Given these stark figures, why do women seek alternative rather than evidence-based treatment? Women are often shocked by the diagnosis, and nearly one-quarter then suffer post-traumatic stress disorder.

The side-effects of medical treatments are challenging: chemotherapy and radiotherapy induce nausea, vomiting, hair loss, mouth ulcers, nerve damage, depression and “foggy” thinking. Surgery includes risks of nerve damage, lymphoedema and breast disfiguration. There is also fear of death and worry for their families.

Since the 1970s there has been an increasing trend (50– 90%) for cancer patients to see alternative medicine practitioners to cope with physical and psychological stress. The main reasons for this include patients feeling empowered for their health choices, a strong instinct for survival, the perception that alternative medicine is harmless, negative experiences, unmet needs with medicine, and the desire for a supportive relationship with practitioners.

This last point can reflect disengagement from the medical profession. Some women may not relate to or trust medical professionals, especially if they have had past negative experiences, or they may have an unsupportive relationship with their doctor. Other unmet medical needs of women include poor continuity of care, fear of pain and death, and lack of guidance in physical health. All these factors can drive patients to look for alternative advice.

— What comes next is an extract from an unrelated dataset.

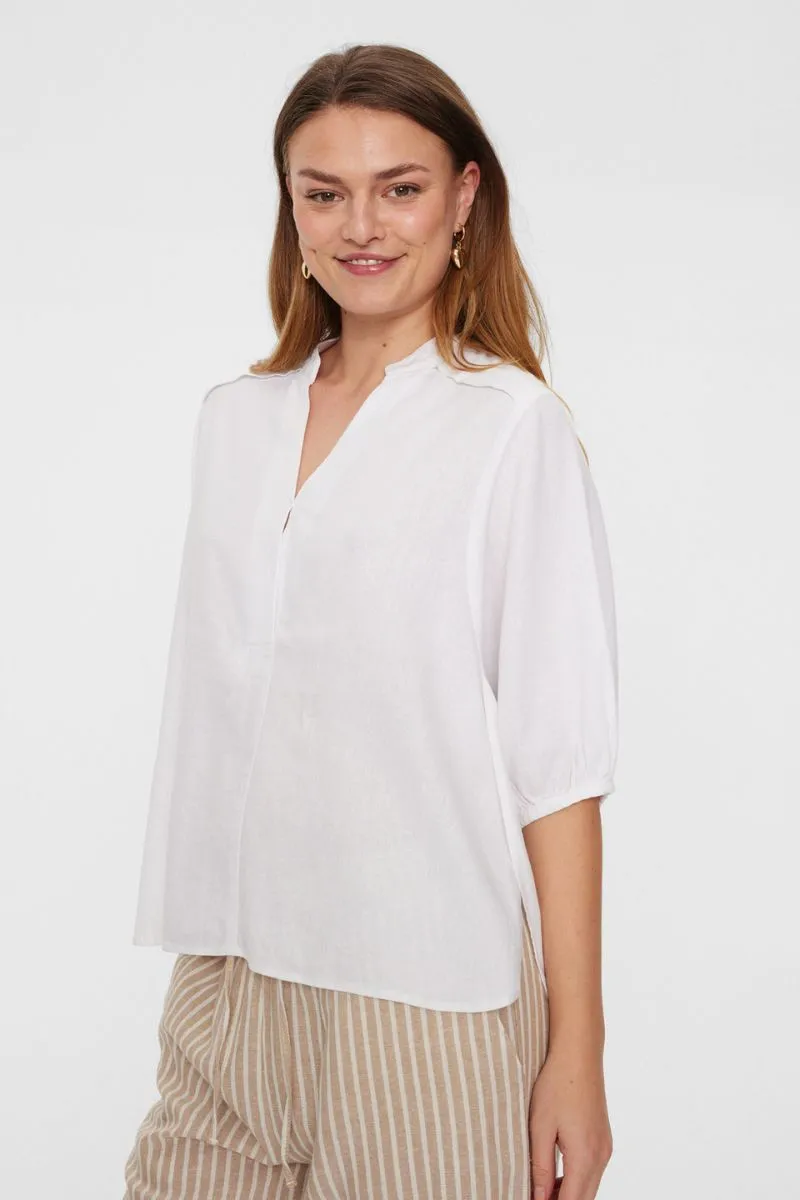 Lava Blouse | Brilliant White | Bluse fra Freequent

Alternative medicine – an umbrella term – includes naturopathy, iridology, homeopathy, acupuncture and herbal remedies. Some alternative treatments cite partial evidence for efficacy but lack comprehensive validation by clinical trials to achieve medical consensus. The Australian government’s review into 18 natural therapies found there was either no or insufficient evidence that natural therapies were clinically effective in addressing various health conditions.

The internet has allowed alternative medicine practitioners to set up websites and social media profiles advocating therapies with no clinical benefits. These websites are greatly promoted but not regulated by health agencies, have no requirement for accurate content and can peddle medical misinformation.

A notorious case was the death of Jessica Ainscough, who treated her epithelioid sarcoma primarily with the Gerson Diet, which is an expensive therapy of fruits, vegetables and supplements to “detoxify” the body. Her mother, Sharyn Ainscough, also died of breast cancer when she followed her daughter’s advice to use the Gerson Diet. The American Cancer Society advises that cancer patients should avoid the Gerson Diet as it is harmful.

Use of alternative medicine is also linked to poor mental health among breast cancer patients, and its use in early stage breast cancer indicates greater psychological distress. Breast endocrine surgical consultants in Adelaide have told me that the number of breast cancer patients choosing alternative medicine as the primary treatment for their cancer has increased over the past 15 years.

We need a twofold strategy to address this issue. First, we need to increase support for these women within the medical system. Second, alternative medicine practitioners need to be held accountable for their targeting and deception of vulnerable patients.

Dr Pallave Dasari is a breast cancer immunologist with The University of Adelaide and The Queen Elizabeth Hospital.